Le président actuel du Conseil de sécurité, l’ambassadeur vénézuélien Rafael Ramirez, a fait l’annonce de son décès à l’ouverture d’une rencontre sur la crise humanitaire au Yémen, mardi. Il a demandé aux membres d’observer un moment de silence.
Les 15 membres du Conseil se sont levés pour lui rendre un hommage silencieux.
L’homme est mort mardi dans un hôpital du Caire, a affirmé l’agence de nouvelles de l’État égyptien. Il avait été admis après avoir subi une fracture du pelvis, avait rapporté jeudi le journal Al-Ahram.
Un adepte du multilatéralisme et des relations internationales
Au Canada, le bureau du premier ministre Justin Trudeau a transmis un message sur Twitter à son sujet. « Nous déplorons la perte de Boutros Boutros-Ghali, ancien secrétaire général de l’ONU et de la francophonie. »

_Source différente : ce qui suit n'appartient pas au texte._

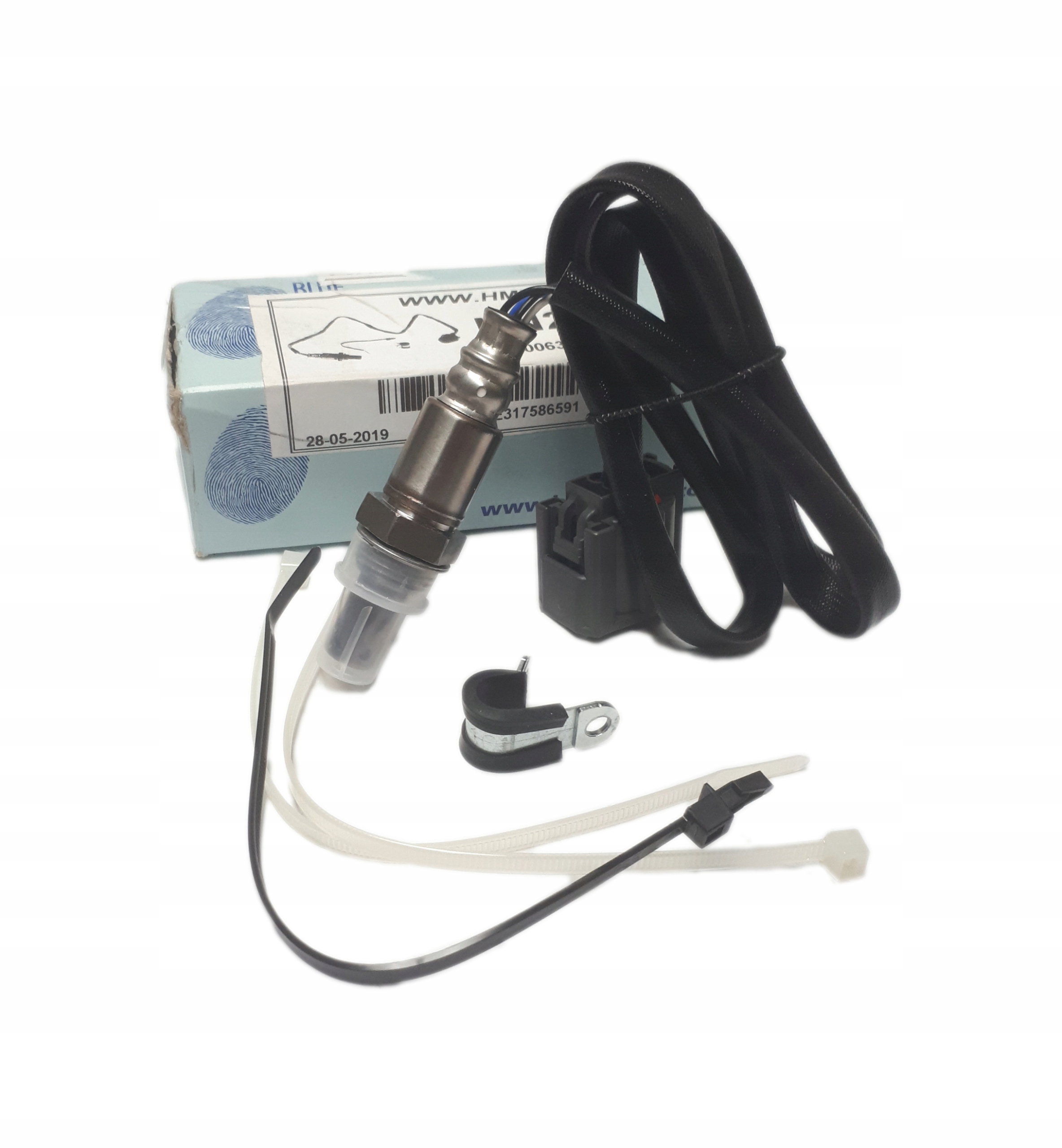 ADM57045 - ЛЯМБДА-ЗОНД BLUE PRINT MAZDA 3 5 6 2.0 DI 02-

Selon le ministre des Affaires étrangères, Stéphane Dion, qui l’a rencontré à quelques reprises, l’homme a été un grand serviteur de la cause du multilatéralisme et des relations internationales. « Il était très dévoué à la cause de la paix et il a donné toute son énergie pour elle. »
Il a souligné que M. Boutros-Ghali avait dirigé l’ONU à une époque extrêmement difficile et qu’il l’avait fait d’une façon qui lui avait valu les éloges de tous les côtés.

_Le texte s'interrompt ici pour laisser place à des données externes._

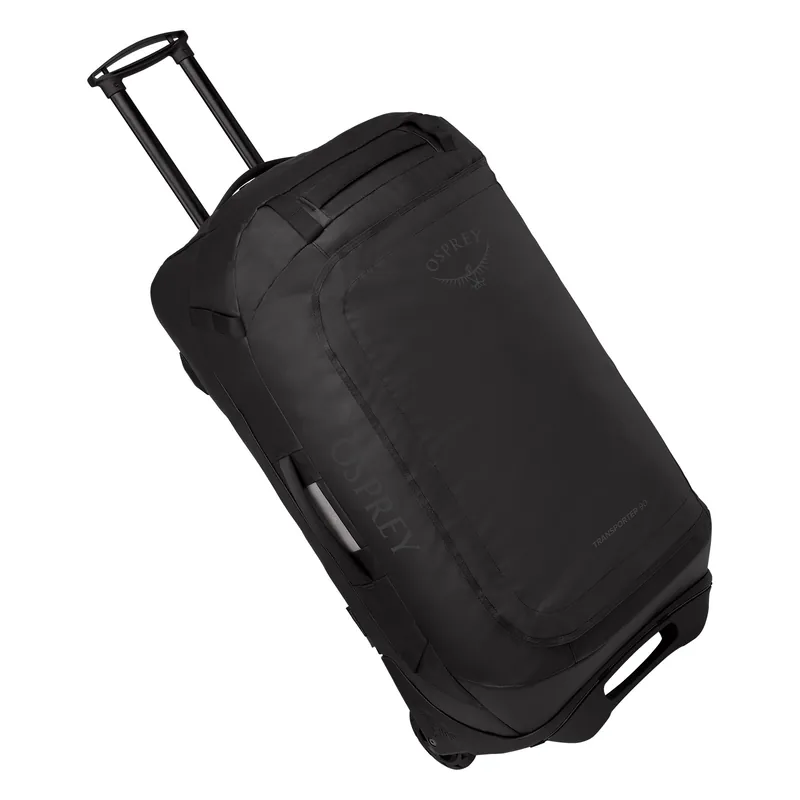 Osprey Transporter Wheeled Duffel 90 Trolley Koffer raven black Ausverkauf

Tous ne sont pas d’accord avec lui, et les cinq années passées par M. Boutros-Ghali aux Nations Unies demeurent controversées. Certains le voient comme ayant tenté d’établir l’indépendance de l’ONU face à la superpuissance mondiale, les États-Unis.

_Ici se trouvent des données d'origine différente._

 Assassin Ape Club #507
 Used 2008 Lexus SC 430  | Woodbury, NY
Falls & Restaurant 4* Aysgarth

D’autres le blâment pour des erreurs de jugement, pour avoir failli à empêcher des génocides en Afrique et dans les Balkans, et pour sa mauvaise gestion de la réforme de l’organisme international.
Une décennie de perturbations et de désillusions
Dans son discours d’adieu aux Nations Unies, il a déclaré qu’il pensait, lorsqu’il est entré en poste, que le moment était venu pour les Nations Unies de jouer un rôle efficace dans un monde qui n’était désormais plus divisé en deux camps, ceux de la guerre froide. Mais il croit que les années au milieu de cette décennie étaient profondément perturbées, et que les désillusions se sont installées.
Dans une entrevue de 2005 avec l’Associated Press, M. Boutros-Ghali a qualifié le massacre de 1994 au Rwanda, dans lequel un demi-million de Tutsis et de Hutus modérés ont été tués en 100 jours, « mon pire échec aux Nations Unies ».
Né en 1922, M. Boutros-Ghali a étudié au Caire et à Paris et est devenu un professeur, spécialisé en droit international.
Un rôle crucial dans des négociations qui ont fait époque
Il a été nommé ministre en 1977 et a joué un rôle crucial dans les négociations qui ont abouti au cadre de paix du Camp David en septembre 1978 et au traité de paix entre l’Égypte et Israël en 1979, le premier accord de ce genre entre un état arabe et Israël.
Après avoir quitté les Nations Unies, il a été secrétaire général de la Francophonie de 1998 à 2002 et a été nommé en 2004 président de la nouvelle commission des droits de la personne de l’Égypte.
Il était marié à Lea, une juive égyptienne.